# WHAT YOU SHOULD DO:
Pictures are to be left out, and only the lines from the one containing "USA, IL, Chicago, Loop" through the last line of the data are to be returned exactly.

# INFORMATION SHOWN:
┄┄┄┄┄┄┄┄┄┄

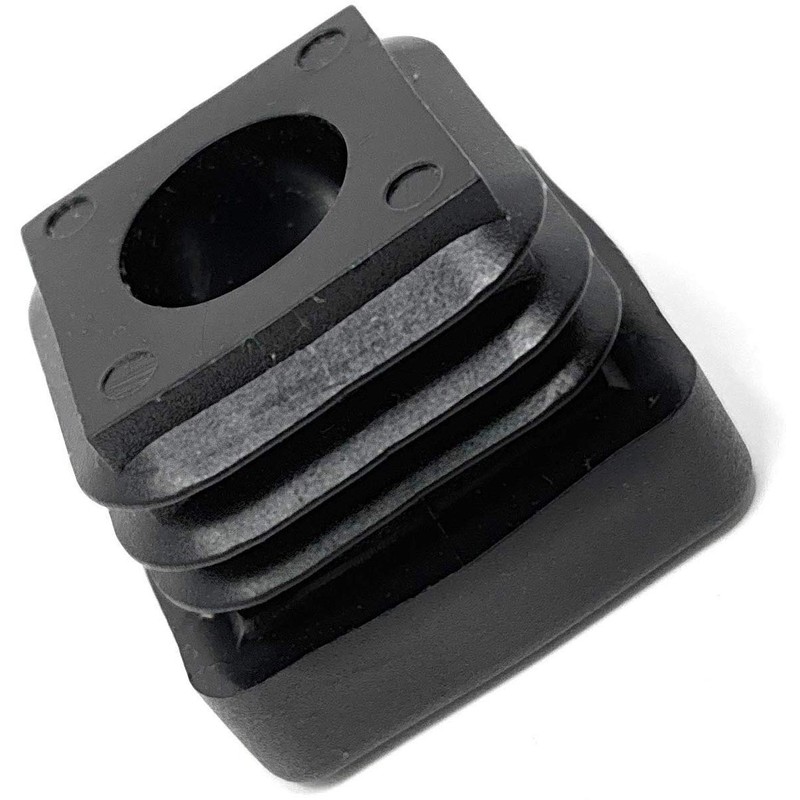 Design61 Threaded Plugs Square Tube Plugs 30 x 30 mm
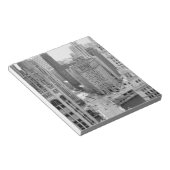 USA, IL, Chicago, Loop van Hotel Notitieblok (Schuin)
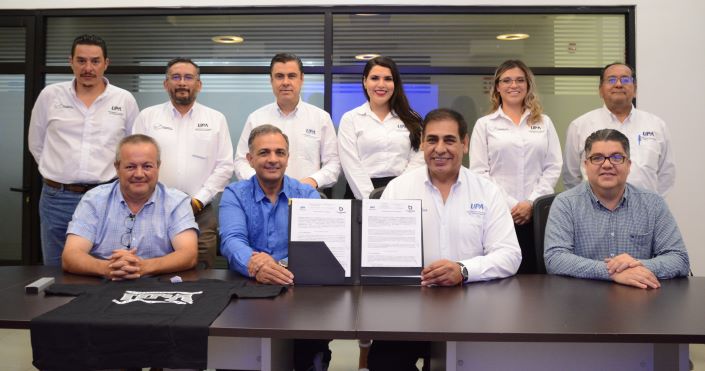 UPA and the Aerospace Industrial Park of Mazatlan sign collaboration agreement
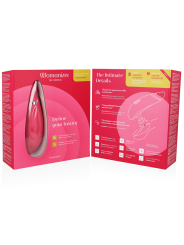 WOMANIZER PREMIUM 2 ESTIMULADOR DE CLITORIS FRAMBUESA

┄┄┄┄┄┄┄┄┄┄

# ANSWER TO THIS EXERCISE:
 USA, IL, Chicago, Loop van Hotel Notitieblok (Schuin)
 UPA and the Aerospace Industrial Park of Mazatlan sign collaboration agreement
 WOMANIZER PREMIUM 2 ESTIMULADOR DE CLITORIS FRAMBUESA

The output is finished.